Santa Clarita received an application for a mixed-use, residential development to be located on the 40-acre Saugus property in October 2021, according to city senior planner Hai Nguyen, who said Wednesday that project was still in the “initial study” phase.
Called the Riverview Project, presumably a nod to its location across Soledad Canyon Road from the Santa Clara River, the project is intended to offer commercial and residential support for another planned development that’s large enough to rival any other current studio in the SCV.
“The (Riverview) project includes a subdivision into five lots/planning areas to include a total of 318 residential units and recreation amenities,” according to an email from Jason Crawford, director of community development for the city of Santa Clarita. “The commercial portion is proposed as the Shadowbox Studios, which consists of six 11,000-square-foot sound stages and a parking structure.”

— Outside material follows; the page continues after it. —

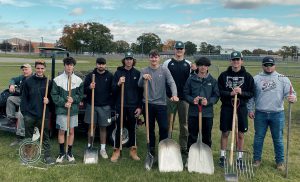 photo shows group of boys outside holding gardening tools and smiling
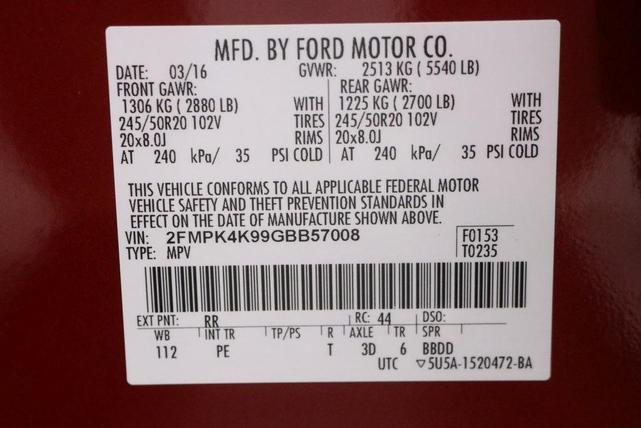 Photo of 2016 Ruby Red Metallic Tinted Clearcoat Ford Edge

The sound stages portion would be built by Shadowbox and intended to augment the studio’s Newhall plans.
Shadowbox would build the commercial portion and Integral, which is hoping for approval to build its second housing development in Saugus, would be responsible for the housing portion.
According to the California Environmental Quality Act, the initial study determines which appropriate environmental study would come next, whether that’s a negative declaration, a mitigated negative declaration or an environmental impact report, Nguyen said in a phone interview.
He added the initial study could be finished by the spring, depending on what’s found during the preliminary review.
A city official noted Wednesday it’s one of a number of discussions that have involved the historic track’s potential next use over the years, but also one that appears to be gaining traction.
“This one that’s in front of us now is getting pretty far along,” Crawford said. “I know they’re a ‘real group’ and I know they’re hoping to cross the finish line.”
The property has been owned by the Rodeo Land Co. since 1972, according to property record listings with the L.A. County Assessor’s Office.
Currently the property hosts the Saugus Swap Meet at the site every Tuesday and Sunday. The Swap Meet’s office is closed on Wednesday, per a number listed online for the market. The Bonelli family owns Rodeo Land Co.
When reached by phone Wednesday, Doug Bonelli indicated he was bound by a confidentiality agreement that precluded him from making an announcement, acknowledging the history of the property and the company’s nearly three dozen employees who would be impacted.
Shadowbox is currently in the environmental impact review phase for its “full-service film and television studio campus” near the northeast corner of 13th and Arch streets in Newhall.
A preliminary one-stop review by the city was initiated in October 2020 by the project’s previous owner, Blackhall Studios, which was sold and became Shadowbox in June 2022.
A representative from Shadowbox was not immediately available Wednesday.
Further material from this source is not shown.